[Records excerpted from a collection]
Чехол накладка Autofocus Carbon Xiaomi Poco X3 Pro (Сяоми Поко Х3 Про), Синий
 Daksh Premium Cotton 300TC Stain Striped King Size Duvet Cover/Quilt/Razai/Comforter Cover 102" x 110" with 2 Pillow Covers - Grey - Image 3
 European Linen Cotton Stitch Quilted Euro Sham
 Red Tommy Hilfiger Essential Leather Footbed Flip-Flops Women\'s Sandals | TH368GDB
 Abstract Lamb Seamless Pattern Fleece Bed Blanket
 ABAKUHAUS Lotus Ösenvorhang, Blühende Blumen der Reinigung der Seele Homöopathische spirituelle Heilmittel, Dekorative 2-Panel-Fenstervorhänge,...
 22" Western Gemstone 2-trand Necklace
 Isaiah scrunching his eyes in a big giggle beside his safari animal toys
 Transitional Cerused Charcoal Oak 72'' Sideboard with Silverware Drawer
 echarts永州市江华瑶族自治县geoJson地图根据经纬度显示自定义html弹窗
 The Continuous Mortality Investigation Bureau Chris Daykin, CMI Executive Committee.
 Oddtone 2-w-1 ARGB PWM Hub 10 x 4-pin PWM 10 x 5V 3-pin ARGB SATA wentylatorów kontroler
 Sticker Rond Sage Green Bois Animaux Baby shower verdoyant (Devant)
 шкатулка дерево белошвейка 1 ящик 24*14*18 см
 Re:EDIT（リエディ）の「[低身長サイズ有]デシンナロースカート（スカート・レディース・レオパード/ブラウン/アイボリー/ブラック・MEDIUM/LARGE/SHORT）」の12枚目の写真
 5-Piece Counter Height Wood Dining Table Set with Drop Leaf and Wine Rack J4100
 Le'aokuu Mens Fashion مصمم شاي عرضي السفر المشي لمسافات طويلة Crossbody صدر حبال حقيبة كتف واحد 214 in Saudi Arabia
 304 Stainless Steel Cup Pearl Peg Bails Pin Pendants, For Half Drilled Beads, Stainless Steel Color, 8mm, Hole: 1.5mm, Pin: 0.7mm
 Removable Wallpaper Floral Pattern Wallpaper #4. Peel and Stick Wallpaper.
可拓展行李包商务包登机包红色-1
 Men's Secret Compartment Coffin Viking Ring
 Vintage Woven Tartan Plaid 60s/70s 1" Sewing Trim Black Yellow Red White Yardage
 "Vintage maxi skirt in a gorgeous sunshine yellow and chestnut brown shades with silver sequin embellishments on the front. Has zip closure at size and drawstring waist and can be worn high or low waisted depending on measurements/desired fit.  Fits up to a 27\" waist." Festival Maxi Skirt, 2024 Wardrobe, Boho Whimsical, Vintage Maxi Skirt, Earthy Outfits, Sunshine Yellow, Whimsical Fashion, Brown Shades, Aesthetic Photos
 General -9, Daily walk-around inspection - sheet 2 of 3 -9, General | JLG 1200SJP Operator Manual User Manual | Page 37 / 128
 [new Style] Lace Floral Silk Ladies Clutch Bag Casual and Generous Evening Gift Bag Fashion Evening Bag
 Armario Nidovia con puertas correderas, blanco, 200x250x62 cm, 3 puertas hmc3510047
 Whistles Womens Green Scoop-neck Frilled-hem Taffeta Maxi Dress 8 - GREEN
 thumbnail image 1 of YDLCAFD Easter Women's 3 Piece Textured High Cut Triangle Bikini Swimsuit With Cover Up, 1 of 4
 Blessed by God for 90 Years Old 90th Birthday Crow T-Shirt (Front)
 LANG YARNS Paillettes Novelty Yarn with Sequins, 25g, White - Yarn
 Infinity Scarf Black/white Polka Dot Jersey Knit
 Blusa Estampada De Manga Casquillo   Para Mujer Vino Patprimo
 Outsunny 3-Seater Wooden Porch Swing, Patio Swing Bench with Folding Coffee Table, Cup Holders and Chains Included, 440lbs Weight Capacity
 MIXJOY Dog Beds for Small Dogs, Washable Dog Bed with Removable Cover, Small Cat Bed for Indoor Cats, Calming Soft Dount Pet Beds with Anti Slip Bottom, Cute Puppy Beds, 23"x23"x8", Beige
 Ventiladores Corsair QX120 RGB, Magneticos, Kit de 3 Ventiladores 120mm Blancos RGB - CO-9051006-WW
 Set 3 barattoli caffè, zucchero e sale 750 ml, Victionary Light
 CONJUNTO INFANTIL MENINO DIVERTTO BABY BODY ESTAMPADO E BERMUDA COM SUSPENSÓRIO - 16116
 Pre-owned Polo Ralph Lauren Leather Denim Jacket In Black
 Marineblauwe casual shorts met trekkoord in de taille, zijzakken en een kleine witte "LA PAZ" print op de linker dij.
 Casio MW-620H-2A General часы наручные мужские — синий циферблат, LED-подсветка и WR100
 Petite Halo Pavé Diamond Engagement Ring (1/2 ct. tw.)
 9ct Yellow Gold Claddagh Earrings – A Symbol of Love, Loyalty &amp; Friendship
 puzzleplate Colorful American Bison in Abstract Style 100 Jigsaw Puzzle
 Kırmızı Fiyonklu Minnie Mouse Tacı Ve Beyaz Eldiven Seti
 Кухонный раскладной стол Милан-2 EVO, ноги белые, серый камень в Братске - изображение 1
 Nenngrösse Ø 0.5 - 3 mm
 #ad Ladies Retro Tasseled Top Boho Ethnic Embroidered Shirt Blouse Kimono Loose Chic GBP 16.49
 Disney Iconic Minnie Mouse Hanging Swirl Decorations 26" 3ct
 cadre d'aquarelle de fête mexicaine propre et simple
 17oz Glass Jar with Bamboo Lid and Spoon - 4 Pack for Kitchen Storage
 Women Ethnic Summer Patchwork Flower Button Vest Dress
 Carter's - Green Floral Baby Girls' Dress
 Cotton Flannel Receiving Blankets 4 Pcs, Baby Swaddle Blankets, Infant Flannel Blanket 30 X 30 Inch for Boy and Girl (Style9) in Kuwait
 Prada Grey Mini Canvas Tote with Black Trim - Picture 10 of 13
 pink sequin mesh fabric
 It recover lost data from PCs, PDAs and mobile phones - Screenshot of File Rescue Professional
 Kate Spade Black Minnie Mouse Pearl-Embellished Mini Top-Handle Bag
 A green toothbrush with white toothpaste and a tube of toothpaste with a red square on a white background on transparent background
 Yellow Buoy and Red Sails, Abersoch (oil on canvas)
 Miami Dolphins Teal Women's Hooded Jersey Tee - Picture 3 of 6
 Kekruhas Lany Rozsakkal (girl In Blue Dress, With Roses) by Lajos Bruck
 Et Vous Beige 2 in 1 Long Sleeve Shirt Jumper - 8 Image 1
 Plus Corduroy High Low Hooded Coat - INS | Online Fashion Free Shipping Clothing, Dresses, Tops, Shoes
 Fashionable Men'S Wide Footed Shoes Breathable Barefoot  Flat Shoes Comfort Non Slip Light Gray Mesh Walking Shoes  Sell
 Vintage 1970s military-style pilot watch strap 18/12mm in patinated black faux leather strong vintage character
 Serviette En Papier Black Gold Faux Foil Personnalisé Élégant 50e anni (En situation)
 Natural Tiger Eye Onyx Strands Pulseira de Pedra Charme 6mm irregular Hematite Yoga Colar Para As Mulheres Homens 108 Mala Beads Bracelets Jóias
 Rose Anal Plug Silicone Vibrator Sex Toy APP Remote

YOUR GOAL:
The data above should be returned in full, exactly as written.

RESPONSE AREA:
Чехол накладка Autofocus Carbon Xiaomi Poco X3 Pro (Сяоми Поко Х3 Про), Синий
 Daksh Premium Cotton 300TC Stain Striped King Size Duvet Cover/Quilt/Razai/Comforter Cover 102" x 110" with 2 Pillow Covers - Grey - Image 3
 European Linen Cotton Stitch Quilted Euro Sham
 Red Tommy Hilfiger Essential Leather Footbed Flip-Flops Women\'s Sandals | TH368GDB
 Abstract Lamb Seamless Pattern Fleece Bed Blanket
 ABAKUHAUS Lotus Ösenvorhang, Blühende Blumen der Reinigung der Seele Homöopathische spirituelle Heilmittel, Dekorative 2-Panel-Fenstervorhänge,...
 22" Western Gemstone 2-trand Necklace
 Isaiah scrunching his eyes in a big giggle beside his safari animal toys
 Transitional Cerused Charcoal Oak 72'' Sideboard with Silverware Drawer
 echarts永州市江华瑶族自治县geoJson地图根据经纬度显示自定义html弹窗
 The Continuous Mortality Investigation Bureau Chris Daykin, CMI Executive Committee.
 Oddtone 2-w-1 ARGB PWM Hub 10 x 4-pin PWM 10 x 5V 3-pin ARGB SATA wentylatorów kontroler
 Sticker Rond Sage Green Bois Animaux Baby shower verdoyant (Devant)
 шкатулка дерево белошвейка 1 ящик 24*14*18 см
 Re:EDIT（リエディ）の「[低身長サイズ有]デシンナロースカート（スカート・レディース・レオパード/ブラウン/アイボリー/ブラック・MEDIUM/LARGE/SHORT）」の12枚目の写真
 5-Piece Counter Height Wood Dining Table Set with Drop Leaf and Wine Rack J4100
 Le'aokuu Mens Fashion مصمم شاي عرضي السفر المشي لمسافات طويلة Crossbody صدر حبال حقيبة كتف واحد 214 in Saudi Arabia
 304 Stainless Steel Cup Pearl Peg Bails Pin Pendants, For Half Drilled Beads, Stainless Steel Color, 8mm, Hole: 1.5mm, Pin: 0.7mm
 Removable Wallpaper Floral Pattern Wallpaper #4. Peel and Stick Wallpaper.
可拓展行李包商务包登机包红色-1
 Men's Secret Compartment Coffin Viking Ring
 Vintage Woven Tartan Plaid 60s/70s 1" Sewing Trim Black Yellow Red White Yardage
 "Vintage maxi skirt in a gorgeous sunshine yellow and chestnut brown shades with silver sequin embellishments on the front. Has zip closure at size and drawstring waist and can be worn high or low waisted depending on measurements/desired fit.  Fits up to a 27\" waist." Festival Maxi Skirt, 2024 Wardrobe, Boho Whimsical, Vintage Maxi Skirt, Earthy Outfits, Sunshine Yellow, Whimsical Fashion, Brown Shades, Aesthetic Photos
 General -9, Daily walk-around inspection - sheet 2 of 3 -9, General | JLG 1200SJP Operator Manual User Manual | Page 37 / 128
 [new Style] Lace Floral Silk Ladies Clutch Bag Casual and Generous Evening Gift Bag Fashion Evening Bag
 Armario Nidovia con puertas correderas, blanco, 200x250x62 cm, 3 puertas hmc3510047
 Whistles Womens Green Scoop-neck Frilled-hem Taffeta Maxi Dress 8 - GREEN
 thumbnail image 1 of YDLCAFD Easter Women's 3 Piece Textured High Cut Triangle Bikini Swimsuit With Cover Up, 1 of 4
 Blessed by God for 90 Years Old 90th Birthday Crow T-Shirt (Front)
 LANG YARNS Paillettes Novelty Yarn with Sequins, 25g, White - Yarn
 Infinity Scarf Black/white Polka Dot Jersey Knit
 Blusa Estampada De Manga Casquillo   Para Mujer Vino Patprimo
 Outsunny 3-Seater Wooden Porch Swing, Patio Swing Bench with Folding Coffee Table, Cup Holders and Chains Included, 440lbs Weight Capacity
 MIXJOY Dog Beds for Small Dogs, Washable Dog Bed with Removable Cover, Small Cat Bed for Indoor Cats, Calming Soft Dount Pet Beds with Anti Slip Bottom, Cute Puppy Beds, 23"x23"x8", Beige
 Ventiladores Corsair QX120 RGB, Magneticos, Kit de 3 Ventiladores 120mm Blancos RGB - CO-9051006-WW
 Set 3 barattoli caffè, zucchero e sale 750 ml, Victionary Light
 CONJUNTO INFANTIL MENINO DIVERTTO BABY BODY ESTAMPADO E BERMUDA COM SUSPENSÓRIO - 16116
 Pre-owned Polo Ralph Lauren Leather Denim Jacket In Black
 Marineblauwe casual shorts met trekkoord in de taille, zijzakken en een kleine witte "LA PAZ" print op de linker dij.
 Casio MW-620H-2A General часы наручные мужские — синий циферблат, LED-подсветка и WR100
 Petite Halo Pavé Diamond Engagement Ring (1/2 ct. tw.)
 9ct Yellow Gold Claddagh Earrings – A Symbol of Love, Loyalty &amp; Friendship
 puzzleplate Colorful American Bison in Abstract Style 100 Jigsaw Puzzle
 Kırmızı Fiyonklu Minnie Mouse Tacı Ve Beyaz Eldiven Seti
 Кухонный раскладной стол Милан-2 EVO, ноги белые, серый камень в Братске - изображение 1
 Nenngrösse Ø 0.5 - 3 mm
 #ad Ladies Retro Tasseled Top Boho Ethnic Embroidered Shirt Blouse Kimono Loose Chic GBP 16.49
 Disney Iconic Minnie Mouse Hanging Swirl Decorations 26" 3ct
 cadre d'aquarelle de fête mexicaine propre et simple
 17oz Glass Jar with Bamboo Lid and Spoon - 4 Pack for Kitchen Storage
 Women Ethnic Summer Patchwork Flower Button Vest Dress
 Carter's - Green Floral Baby Girls' Dress
 Cotton Flannel Receiving Blankets 4 Pcs, Baby Swaddle Blankets, Infant Flannel Blanket 30 X 30 Inch for Boy and Girl (Style9) in Kuwait
 Prada Grey Mini Canvas Tote with Black Trim - Picture 10 of 13
 pink sequin mesh fabric
 It recover lost data from PCs, PDAs and mobile phones - Screenshot of File Rescue Professional
 Kate Spade Black Minnie Mouse Pearl-Embellished Mini Top-Handle Bag
 A green toothbrush with white toothpaste and a tube of toothpaste with a red square on a white background on transparent background
 Yellow Buoy and Red Sails, Abersoch (oil on canvas)
 Miami Dolphins Teal Women's Hooded Jersey Tee - Picture 3 of 6
 Kekruhas Lany Rozsakkal (girl In Blue Dress, With Roses) by Lajos Bruck
 Et Vous Beige 2 in 1 Long Sleeve Shirt Jumper - 8 Image 1
 Plus Corduroy High Low Hooded Coat - INS | Online Fashion Free Shipping Clothing, Dresses, Tops, Shoes
 Fashionable Men'S Wide Footed Shoes Breathable Barefoot  Flat Shoes Comfort Non Slip Light Gray Mesh Walking Shoes  Sell
 Vintage 1970s military-style pilot watch strap 18/12mm in patinated black faux leather strong vintage character
 Serviette En Papier Black Gold Faux Foil Personnalisé Élégant 50e anni (En situation)
 Natural Tiger Eye Onyx Strands Pulseira de Pedra Charme 6mm irregular Hematite Yoga Colar Para As Mulheres Homens 108 Mala Beads Bracelets Jóias
 Rose Anal Plug Silicone Vibrator Sex Toy APP Remote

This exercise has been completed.